Here, as shown in FIG. 1D, the p-region 5 diffuses due to a high-temperature heat treatment (at approximately 800 to 1000° C.) for forming the first gate insulating film 6 in Embodiment 1, similarly to the step of FIG. 8D. Thus, an effective channel width of the below-mentioned n-type transfer channel (see FIG. 2E) decreases accordingly.

Next, as shown in FIG. 2E, a photoresist (a photoresist for transfer channel formation) 8 is formed on the protective film 7 for the purpose of forming a n-type transfer channel 9, and then a part of the photoresist 8 for the transfer channel formation overlapping with a region where the transfer channel 9 is to be formed is removed. Thereafter, a n-type impurity such as phosphorus (P) and arsenic (As) is ion-implanted with an implantation energy of 150 keV and a dose of 1.0×10¹³ions/cm², for example. Thereby, the n-type transfer channel 9 is formed.

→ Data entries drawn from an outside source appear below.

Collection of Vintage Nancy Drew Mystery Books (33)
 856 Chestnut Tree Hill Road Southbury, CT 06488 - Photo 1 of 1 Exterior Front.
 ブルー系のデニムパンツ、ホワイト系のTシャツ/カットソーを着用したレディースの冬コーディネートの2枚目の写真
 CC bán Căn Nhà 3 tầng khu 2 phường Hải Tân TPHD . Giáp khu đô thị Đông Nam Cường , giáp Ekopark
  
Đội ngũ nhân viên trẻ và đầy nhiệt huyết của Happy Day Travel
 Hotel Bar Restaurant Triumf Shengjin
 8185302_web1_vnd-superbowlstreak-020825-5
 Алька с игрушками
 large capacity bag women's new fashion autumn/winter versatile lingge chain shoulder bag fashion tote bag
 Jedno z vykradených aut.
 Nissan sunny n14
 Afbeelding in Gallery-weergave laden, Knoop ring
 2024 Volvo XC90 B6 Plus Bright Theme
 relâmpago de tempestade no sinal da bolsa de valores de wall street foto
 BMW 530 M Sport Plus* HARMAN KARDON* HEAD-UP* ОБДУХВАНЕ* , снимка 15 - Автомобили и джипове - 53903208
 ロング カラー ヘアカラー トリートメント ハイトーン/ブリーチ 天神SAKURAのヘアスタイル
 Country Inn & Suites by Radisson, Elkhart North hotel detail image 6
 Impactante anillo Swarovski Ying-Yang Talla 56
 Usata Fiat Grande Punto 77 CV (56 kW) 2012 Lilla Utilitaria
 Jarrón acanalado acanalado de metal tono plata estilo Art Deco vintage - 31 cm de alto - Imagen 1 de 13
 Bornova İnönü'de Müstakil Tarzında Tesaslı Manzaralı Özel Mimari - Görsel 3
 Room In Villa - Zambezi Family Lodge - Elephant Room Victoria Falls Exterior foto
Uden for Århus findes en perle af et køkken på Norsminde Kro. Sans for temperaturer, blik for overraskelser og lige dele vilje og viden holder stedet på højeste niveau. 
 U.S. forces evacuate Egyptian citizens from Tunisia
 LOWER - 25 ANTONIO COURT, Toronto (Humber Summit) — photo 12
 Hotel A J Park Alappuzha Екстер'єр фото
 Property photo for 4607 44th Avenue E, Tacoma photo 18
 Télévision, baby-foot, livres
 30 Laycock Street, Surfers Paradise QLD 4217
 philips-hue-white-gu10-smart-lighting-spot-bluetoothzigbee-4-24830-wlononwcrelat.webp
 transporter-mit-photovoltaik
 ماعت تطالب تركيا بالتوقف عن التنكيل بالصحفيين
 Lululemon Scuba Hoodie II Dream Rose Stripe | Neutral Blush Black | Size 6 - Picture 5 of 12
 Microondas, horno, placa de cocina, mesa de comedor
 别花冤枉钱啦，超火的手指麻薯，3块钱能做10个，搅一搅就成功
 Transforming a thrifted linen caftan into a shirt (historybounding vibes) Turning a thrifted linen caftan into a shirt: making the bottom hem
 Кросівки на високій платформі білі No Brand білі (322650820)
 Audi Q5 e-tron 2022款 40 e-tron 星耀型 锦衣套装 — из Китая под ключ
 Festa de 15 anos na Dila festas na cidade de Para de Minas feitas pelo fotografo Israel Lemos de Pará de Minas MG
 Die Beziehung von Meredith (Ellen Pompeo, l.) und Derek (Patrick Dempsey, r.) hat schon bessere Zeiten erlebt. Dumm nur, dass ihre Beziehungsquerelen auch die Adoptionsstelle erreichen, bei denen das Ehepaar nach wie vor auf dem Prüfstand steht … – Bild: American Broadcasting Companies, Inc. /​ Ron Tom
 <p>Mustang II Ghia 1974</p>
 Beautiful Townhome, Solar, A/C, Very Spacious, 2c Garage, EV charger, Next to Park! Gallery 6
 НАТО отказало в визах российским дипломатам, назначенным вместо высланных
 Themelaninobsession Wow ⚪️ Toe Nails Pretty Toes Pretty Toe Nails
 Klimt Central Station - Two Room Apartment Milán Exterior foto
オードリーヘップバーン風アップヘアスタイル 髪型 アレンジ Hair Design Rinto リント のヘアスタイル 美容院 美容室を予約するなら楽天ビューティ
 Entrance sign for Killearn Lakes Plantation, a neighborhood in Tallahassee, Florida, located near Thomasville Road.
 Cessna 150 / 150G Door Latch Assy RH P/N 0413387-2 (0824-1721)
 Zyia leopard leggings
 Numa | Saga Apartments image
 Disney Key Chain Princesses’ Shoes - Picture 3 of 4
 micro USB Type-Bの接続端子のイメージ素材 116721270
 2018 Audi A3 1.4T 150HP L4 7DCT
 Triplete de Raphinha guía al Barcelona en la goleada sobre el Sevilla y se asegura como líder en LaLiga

In Embodiment 1, the transfer channel 9 is formed after the formation of the first gate insulating film 6, similarly to the conventional manufacturing method shown by FIGS. 8A to 9G in the background of the invention. Therefore, the high-temperature heat treatment for forming the first gate insulating film 6 hardly causes the n-type impurity to diffuse toward the outside or to be absorbed by the first gate insulating film 6.

Therefore, also in Embodiment 1, a reduction in saturation charge capacity of the transfer channel 9 can be suppressed, and the occurrence of crystal defects in the transfer channel 9 can be reduced. Thereby, the occurrence of a white line noise caused by a local increase in dark current also can be suppressed.

Subsequently, as shown in FIG. 2F, the photoresist 8 for the transfer channel formation is removed completely. In the present embodiment, the removal of the photoresist 8 for the transfer channel formation is conducted by wet etching using a photoresist removal solution. Here, the protective film 7 becomes thin.

The photoresist removal solution used here provides a lower etch rate with respect to the protective film 7 than with respect to the first gate insulating film 6. More specifically, the etch rate of the photoresist removal solution with respect to the silicon nitride film is 0.5 nm per one photoresist removal process, and that with respect to the silicon oxide film is 1 nm per one photoresist removal process.

As mentioned above, the photoresist removal solution used in the step of FIG. 2F has a higher selectivity with respect to the protective film 7 than with respect to the first gate insulating film 6. Thus, an amount of the reduction of the thickness of the protective film 7 in one photoresist removal process is smaller than that of the first gate insulating film 84 in the step of FIG. 9F in the background of the invention.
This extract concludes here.